Trevipark, a British firm, has a nice, rather simple technology for modest size parking garages, with several installations in Italy. Trevipark is a silo with a turntable/elevator at the center. This technology is best suited for underground storage. It's elegant in that there's very little visible on the surface.
Parksysteme, in Germany, has been building such systems for forty years. But they haven't had many installations.
An automated garage operated in Manhattan in the 1960s.
None of these systems has reached ten installations.
Many people have commented on the fact that Japan, Taiwan, and Hong Kong have been implementing these systems for many years now.
The obvious observation here is that Japan and Taiwan are island countries with limited real estate and space and spatial efficiency is at a much higher premium there than it is here. Hong Kong has a similar predicament; it is landlocked by the rest of China on three sides and an ocean on the other, and has actively secured borders. (i.e., they can't just annex land or start building strip malls and boulevards like most cities in the US and Europe)

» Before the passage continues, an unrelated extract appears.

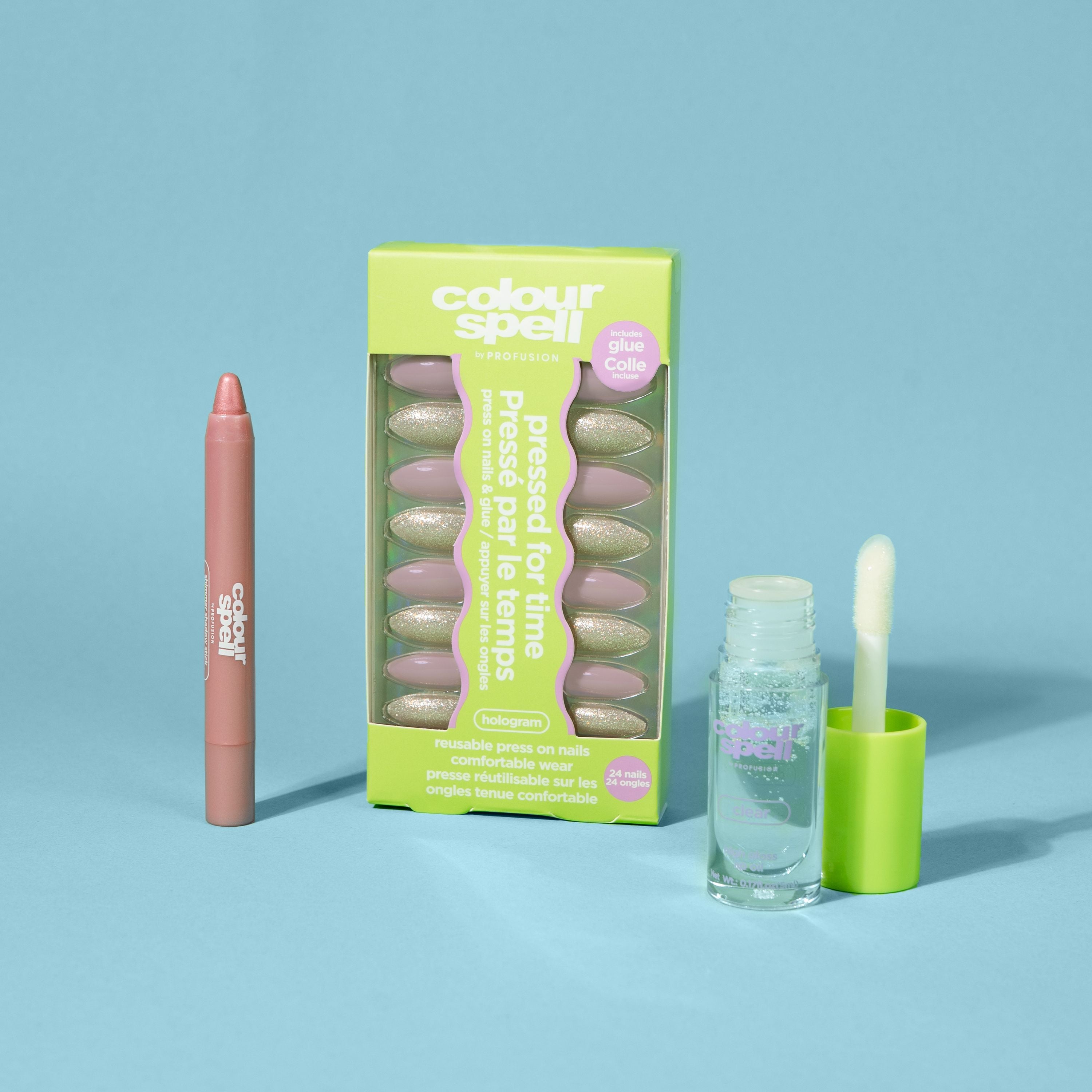 Pressed, Glossed and Polished Collection- Shadow, Lip Oil & Nails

The only American analog I can think of off the top of my head is Manhattan, NYC, but I suspect that instead of being luddites, their motives against implementing such systems are economic in nature as they are the exception to the general American rule in terms of availability of real estate to build parking garages. Being an island nation definitely has influence on cultural and technological development.

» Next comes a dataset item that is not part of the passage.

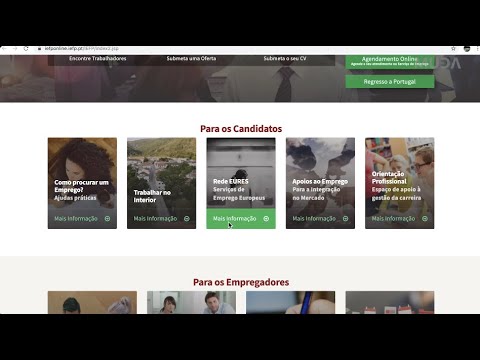 Quais os serviços disponíveis no portal IEFP online?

Anyway, I suspect that entire graduate theses can be written on such a topic.
The dangers of knowledge trigger emotional distress in human beings.
NYC has had these for years; they're 3-4 spaces high, you drive into the space, the guy pushes a button, the car goes up 2-3 levels in the unit. Another car drives up, goes up 1-2. Etc until it's stacked full.
Only problem? Well, I remember a photo of a enraged car owner screaming at a parking attendant on the day of the massive NYC blackout; they're useless in a power outage; you're not getting your car out, and that's that.
"Oh, they must have had backup generators", you say. Ever been to NYC? Everything is done as cheaply as possible. They'd sell your car after you parked it if they thought they could get away with it. They're certainly not going to keep a backup generator around just in case there's a power outage- they're just going to tell you to walk home.
Please help metamoderate.
Here at Saturn, we store our body panels in a similar (nearly identical) system.
The "paint buck" has its Smarteye tag read and the buck gets removed from the carrier and transported down one of several aisles by a rolling lift which transverses either in one direction horizontally or vertically. You get the idea.
The ASRS (Automatic Storage & Retrieval System) makes note of where it got put and then it's off to get the next one.
The empty paint carrier leaves and goes off to get another buck.
When it comes time to load another job on to the line (to be sent to the General Assembly building where the panels will get put onto the spaceframe), the procedure gets repeated in reverse. The lift then finds the panel set of the desired color, gets it, puts it on the carriers that go to GA and then sends it on its way.
BTW, The weight of the paint buck is comparable to that of a car (probably around 3000 pounds). A-yup, they are heavy. It's an "all hands on deck" event when one of these falls off of its carrier over in our building.
Most of the time things work flawlessly, however...
The ASRS has been known to overtravel in the past and wipe out the sprinkler heads.
Has been known to put the buck in the wrong hole.
Has been known to retrieve the wrong paint buck.
Has been known to not retrieve anything.
Has been known to dump the paint bucks off from about 60 feet up (everybody out?)
Has been known to have the lift fail.
Has been known to get partially stuck, forcing Maintenance folks to perform death-defying feats to get the damm things unstuck.
So, no riding in the car when it's getting stored or retrieved.
Beware of fire and flood.
And eventually (probably soon) things will begin to wear out and the system will inevitably need to be serviced while it's getting your car.
I'm sure that it will be only a matter of time before somebody's Rolls gets upended. Read the fine print on the parking spot agreement.